Sun Life Financial passed two major milestones in 2006: net earnings exceeded the $2 billion mark to reach $2.2091 billion, and earnings from business outside Canada squeezed past earnings from domestic operations, at 52% and 48% respectively.
Return on shareholders’ equity climbed to 13.8% in 2006 compared with 12.6% in 2005.
Sun Life openly admits that its development is fuelled by international business. Michel Leduc, vice-president, public affairs, at Sun Life says the insurer wants to cultivate the Asian market over the long term.
“We’ve experienced a tremendous growth in Asia (India, China and other countries), considering that five years ago, we were just entering there. Now, we think it’s where there will be significant growth opportunities,” he said.
Sun Life already has nearly 6000 employees in Asia, mainly in India, China and Hong Kong. In India alone, Birla Sun Life affiliated advisers ballooned from 34,000 at the end of 2006 to 41,000 in Q1 2007.
In Hong Kong, Sun Life catapulted from 19th to 7th place among insurers thanks to an acquisition completed in 2005. In China, purchases (premiums) of life insurance and individual and group medical insurance of Sun Life Everbright Financial rose by 108%.
The Asian market, however, accounts for only 5% of Sun Life’s total net earnings. In fact, net earnings on that continent have increased dramatically, posting staggering 140% growth since 2005. They now exceed $100 million.
Mr. Leduc points out that there is not much room left in the mature Canadian market to grow or to make acquisitions. Sun Life’s next acquisitions will probably be outside Canada, he predicts, adding that the insurer is particularly keen on the United States and China.
U.S. business, where Sun Life, operates under the name Sun Life and McLean Budden, represented 21% of total earnings in 2006. Because it sees the American market as the largest insurance market in the world by far, Sun Life will seek out many opportunities to expand asset management there, Mr.

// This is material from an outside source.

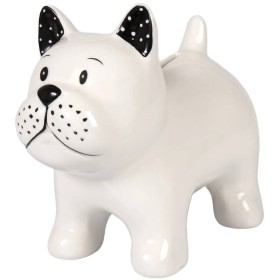 ALBI Pokladnička pejsek keramická dětská kasička zvířátko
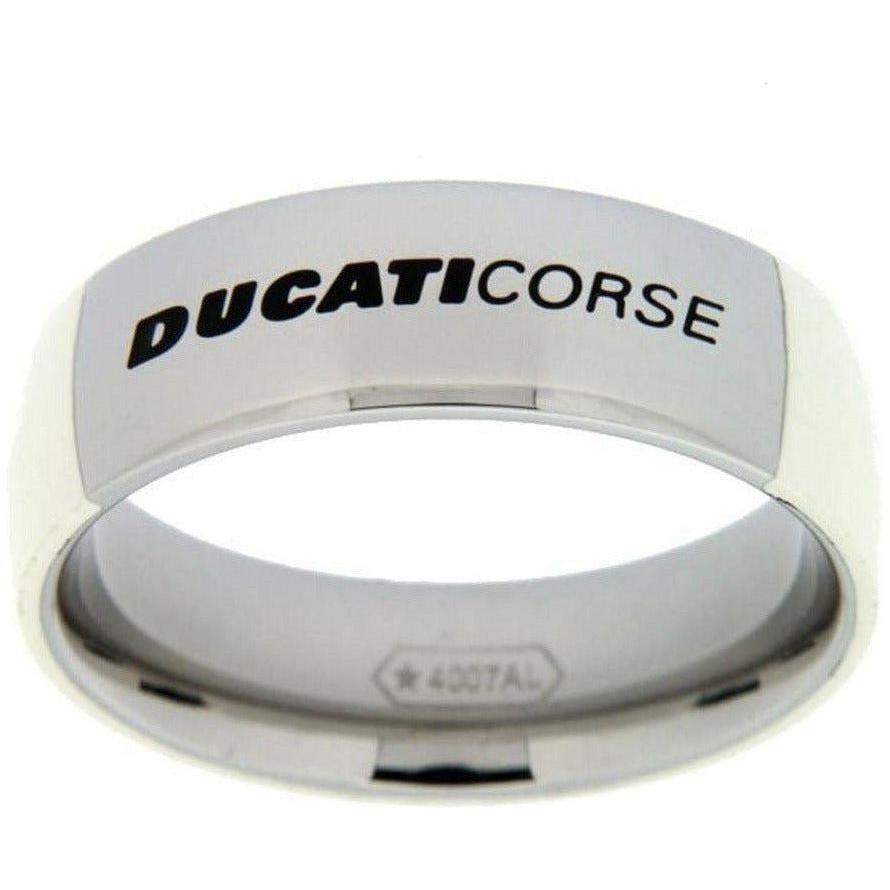 DUCATI JEWELS Mod. 31500587 - Anello / Ring – small – size 27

Leduc says.
In Canada, Sun Life saw its individual life and health insurance premiums increase by 8%, from $151 million in 2005 to $163 million in 2006. The brokerage network generated $34 million in premiums, a 70% increase over 2005. Sales produced by the Clarica (now called Sun Life) agent network remained close to the 2005 volume, although the number of agents decreased. Sun Life mentioned recruitment problems in its annual report.

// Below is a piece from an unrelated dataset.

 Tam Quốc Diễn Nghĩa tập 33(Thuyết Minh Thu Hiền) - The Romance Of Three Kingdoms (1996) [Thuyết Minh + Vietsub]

In Canada, Sun Life will now focus on asset management and wealth management, particularly to capitalize on demographic trends (aging population, wave of retiring baby boomers). In wealth management, retail product sales advanced by $171 million between 2005 and 2006, for growth of 7%. Sun Life’s total assets in this sector surpassed $2.5 billion in 2006.
In addition, Sun Life’s group insurance grew sharply, while net purchases in this sector increased by 30% from 2005 to 2006, for a total of $224 million.